━━━ Source data ━━━
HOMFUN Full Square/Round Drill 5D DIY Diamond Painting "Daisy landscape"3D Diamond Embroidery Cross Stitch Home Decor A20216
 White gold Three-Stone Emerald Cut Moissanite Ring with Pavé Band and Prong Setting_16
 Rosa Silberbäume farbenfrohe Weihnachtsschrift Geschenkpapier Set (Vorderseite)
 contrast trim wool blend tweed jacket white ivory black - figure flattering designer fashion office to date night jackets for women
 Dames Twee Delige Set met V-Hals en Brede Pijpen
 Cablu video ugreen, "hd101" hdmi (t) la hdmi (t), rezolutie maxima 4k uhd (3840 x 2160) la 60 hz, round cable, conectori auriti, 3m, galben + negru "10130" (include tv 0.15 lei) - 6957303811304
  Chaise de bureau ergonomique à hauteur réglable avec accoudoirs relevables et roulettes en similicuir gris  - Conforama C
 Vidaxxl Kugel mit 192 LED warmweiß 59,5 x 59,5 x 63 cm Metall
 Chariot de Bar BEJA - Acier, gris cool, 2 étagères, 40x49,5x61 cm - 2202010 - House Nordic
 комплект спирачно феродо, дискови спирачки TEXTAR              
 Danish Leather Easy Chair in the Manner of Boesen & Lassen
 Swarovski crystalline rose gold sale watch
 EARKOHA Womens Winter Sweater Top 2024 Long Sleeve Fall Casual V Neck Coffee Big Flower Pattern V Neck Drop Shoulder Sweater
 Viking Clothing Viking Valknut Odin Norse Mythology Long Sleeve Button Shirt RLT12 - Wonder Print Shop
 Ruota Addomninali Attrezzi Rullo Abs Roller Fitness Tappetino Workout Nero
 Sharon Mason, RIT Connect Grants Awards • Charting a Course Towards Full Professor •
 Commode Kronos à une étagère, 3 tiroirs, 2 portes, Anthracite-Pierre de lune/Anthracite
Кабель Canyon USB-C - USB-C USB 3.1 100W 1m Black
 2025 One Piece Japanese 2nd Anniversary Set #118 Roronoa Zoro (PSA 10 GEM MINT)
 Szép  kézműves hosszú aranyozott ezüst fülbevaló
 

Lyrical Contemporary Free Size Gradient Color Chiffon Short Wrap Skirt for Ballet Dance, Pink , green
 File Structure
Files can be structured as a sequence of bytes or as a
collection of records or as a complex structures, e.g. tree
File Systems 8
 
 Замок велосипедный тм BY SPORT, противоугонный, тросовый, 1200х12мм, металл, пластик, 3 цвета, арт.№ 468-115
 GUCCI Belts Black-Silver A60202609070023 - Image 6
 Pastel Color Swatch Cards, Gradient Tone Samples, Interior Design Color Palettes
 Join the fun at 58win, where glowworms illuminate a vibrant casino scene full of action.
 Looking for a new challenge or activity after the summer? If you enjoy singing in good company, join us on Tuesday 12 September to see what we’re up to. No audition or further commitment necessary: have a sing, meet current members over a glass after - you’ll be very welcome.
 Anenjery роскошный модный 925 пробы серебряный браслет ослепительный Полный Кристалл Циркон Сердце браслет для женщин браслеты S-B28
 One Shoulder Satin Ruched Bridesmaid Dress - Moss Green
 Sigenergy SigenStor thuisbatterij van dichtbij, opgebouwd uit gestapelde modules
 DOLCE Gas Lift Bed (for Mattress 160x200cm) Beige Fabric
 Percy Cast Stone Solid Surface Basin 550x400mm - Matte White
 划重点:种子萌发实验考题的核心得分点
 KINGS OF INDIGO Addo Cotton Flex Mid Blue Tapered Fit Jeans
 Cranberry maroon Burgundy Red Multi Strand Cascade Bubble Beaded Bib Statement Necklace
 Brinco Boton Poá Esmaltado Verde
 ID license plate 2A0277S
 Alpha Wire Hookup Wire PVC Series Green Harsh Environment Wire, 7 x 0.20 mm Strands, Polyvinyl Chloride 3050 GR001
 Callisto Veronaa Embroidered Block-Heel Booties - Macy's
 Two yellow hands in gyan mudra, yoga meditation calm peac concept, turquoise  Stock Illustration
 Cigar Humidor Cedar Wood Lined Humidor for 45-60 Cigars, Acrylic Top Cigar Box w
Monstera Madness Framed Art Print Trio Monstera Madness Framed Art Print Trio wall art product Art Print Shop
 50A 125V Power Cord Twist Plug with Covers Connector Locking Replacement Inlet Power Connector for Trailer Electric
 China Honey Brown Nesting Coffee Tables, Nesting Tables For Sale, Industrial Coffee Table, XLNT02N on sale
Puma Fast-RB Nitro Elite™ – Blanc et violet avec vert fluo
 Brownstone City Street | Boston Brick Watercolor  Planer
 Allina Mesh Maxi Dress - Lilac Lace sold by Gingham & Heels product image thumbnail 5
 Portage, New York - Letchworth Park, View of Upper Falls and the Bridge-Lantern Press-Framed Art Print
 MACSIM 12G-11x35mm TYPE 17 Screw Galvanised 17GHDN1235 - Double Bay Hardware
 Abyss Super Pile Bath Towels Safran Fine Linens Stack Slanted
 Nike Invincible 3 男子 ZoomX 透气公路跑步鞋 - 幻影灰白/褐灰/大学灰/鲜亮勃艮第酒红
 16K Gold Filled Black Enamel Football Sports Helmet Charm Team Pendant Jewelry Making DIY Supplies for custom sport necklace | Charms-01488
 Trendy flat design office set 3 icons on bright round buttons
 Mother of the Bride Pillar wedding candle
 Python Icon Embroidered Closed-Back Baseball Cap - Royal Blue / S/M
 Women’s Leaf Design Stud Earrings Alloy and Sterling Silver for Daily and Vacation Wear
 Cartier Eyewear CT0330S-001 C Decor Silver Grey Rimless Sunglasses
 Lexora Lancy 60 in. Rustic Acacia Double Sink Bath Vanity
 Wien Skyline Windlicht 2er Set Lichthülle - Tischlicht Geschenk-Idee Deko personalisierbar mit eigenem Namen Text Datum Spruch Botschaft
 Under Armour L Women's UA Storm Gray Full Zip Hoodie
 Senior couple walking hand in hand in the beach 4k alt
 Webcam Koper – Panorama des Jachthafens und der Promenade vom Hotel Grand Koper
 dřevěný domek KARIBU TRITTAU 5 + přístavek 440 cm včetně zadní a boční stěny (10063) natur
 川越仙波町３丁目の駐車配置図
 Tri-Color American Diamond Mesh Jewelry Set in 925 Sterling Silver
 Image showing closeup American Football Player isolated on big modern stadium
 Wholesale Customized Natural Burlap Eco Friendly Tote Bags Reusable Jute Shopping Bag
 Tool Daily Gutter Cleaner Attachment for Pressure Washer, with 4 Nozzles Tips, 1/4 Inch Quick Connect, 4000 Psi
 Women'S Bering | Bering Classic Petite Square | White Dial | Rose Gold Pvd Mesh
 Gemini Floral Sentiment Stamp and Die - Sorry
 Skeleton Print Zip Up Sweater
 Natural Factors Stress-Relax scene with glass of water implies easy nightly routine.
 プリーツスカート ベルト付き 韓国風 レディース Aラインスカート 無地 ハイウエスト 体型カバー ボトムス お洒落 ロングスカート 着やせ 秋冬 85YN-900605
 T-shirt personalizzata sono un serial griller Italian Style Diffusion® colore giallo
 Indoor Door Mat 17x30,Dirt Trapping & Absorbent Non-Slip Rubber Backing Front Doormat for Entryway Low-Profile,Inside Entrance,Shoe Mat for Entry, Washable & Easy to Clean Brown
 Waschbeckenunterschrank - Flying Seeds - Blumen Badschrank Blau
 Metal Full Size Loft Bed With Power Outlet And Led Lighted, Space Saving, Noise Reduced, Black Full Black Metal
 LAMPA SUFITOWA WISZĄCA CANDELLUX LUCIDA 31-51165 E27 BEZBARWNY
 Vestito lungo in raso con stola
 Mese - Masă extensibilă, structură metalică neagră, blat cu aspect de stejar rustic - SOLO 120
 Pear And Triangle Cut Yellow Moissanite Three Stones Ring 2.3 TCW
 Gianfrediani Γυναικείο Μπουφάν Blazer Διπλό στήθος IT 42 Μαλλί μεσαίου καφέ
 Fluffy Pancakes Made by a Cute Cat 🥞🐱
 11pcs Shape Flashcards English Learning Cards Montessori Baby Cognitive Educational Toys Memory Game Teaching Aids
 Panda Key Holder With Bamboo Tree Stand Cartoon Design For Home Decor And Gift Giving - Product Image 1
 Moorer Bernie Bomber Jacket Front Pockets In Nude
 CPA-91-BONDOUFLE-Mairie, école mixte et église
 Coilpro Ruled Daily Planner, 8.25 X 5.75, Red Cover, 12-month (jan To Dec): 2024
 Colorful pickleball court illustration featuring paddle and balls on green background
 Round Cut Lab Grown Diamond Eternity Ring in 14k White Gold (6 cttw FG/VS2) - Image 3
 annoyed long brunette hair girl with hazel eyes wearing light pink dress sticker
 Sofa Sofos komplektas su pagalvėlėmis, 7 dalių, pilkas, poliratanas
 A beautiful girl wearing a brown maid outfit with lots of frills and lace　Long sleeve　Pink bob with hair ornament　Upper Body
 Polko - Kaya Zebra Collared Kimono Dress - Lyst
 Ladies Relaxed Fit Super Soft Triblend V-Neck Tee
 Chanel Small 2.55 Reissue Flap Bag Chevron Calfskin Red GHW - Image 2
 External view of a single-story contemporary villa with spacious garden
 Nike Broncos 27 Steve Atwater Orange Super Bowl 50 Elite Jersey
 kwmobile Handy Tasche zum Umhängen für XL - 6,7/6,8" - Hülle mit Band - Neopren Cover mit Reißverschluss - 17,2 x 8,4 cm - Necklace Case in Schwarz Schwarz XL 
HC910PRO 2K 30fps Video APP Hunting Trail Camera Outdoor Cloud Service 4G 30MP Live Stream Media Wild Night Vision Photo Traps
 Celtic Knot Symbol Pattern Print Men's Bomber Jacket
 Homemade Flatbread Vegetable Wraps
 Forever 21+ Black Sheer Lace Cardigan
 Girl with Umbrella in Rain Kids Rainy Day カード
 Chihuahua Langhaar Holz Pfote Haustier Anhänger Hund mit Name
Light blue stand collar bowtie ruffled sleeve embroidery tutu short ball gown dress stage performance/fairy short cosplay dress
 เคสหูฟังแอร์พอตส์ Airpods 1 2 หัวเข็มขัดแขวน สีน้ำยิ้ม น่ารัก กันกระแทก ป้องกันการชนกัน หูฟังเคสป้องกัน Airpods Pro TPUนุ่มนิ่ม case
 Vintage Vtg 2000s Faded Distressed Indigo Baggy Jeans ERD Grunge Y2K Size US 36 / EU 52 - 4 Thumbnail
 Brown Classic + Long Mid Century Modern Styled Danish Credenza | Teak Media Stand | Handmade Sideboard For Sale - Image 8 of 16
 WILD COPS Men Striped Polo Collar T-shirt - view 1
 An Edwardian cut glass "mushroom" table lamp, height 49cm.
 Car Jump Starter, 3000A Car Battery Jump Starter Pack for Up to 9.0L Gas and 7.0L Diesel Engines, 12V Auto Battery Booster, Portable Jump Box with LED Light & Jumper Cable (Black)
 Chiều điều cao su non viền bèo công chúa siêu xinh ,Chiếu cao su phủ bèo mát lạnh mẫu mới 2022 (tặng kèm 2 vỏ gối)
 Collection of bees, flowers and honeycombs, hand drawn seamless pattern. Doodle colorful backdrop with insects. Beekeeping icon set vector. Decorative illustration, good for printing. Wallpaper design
━━━
Exercise: Print, without alteration, only the lines above between the one holding "Кабель Canyon USB-C" and the one holding "Join the fun", inclusive.

Written response:
Кабель Canyon USB-C - USB-C USB 3.1 100W 1m Black
 2025 One Piece Japanese 2nd Anniversary Set #118 Roronoa Zoro (PSA 10 GEM MINT)
 Szép  kézműves hosszú aranyozott ezüst fülbevaló
 

Lyrical Contemporary Free Size Gradient Color Chiffon Short Wrap Skirt for Ballet Dance, Pink , green
 File Structure
Files can be structured as a sequence of bytes or as a
collection of records or as a complex structures, e.g. tree
File Systems 8
 
 Замок велосипедный тм BY SPORT, противоугонный, тросовый, 1200х12мм, металл, пластик, 3 цвета, арт.№ 468-115
 GUCCI Belts Black-Silver A60202609070023 - Image 6
 Pastel Color Swatch Cards, Gradient Tone Samples, Interior Design Color Palettes
 Join the fun at 58win, where glowworms illuminate a vibrant casino scene full of action.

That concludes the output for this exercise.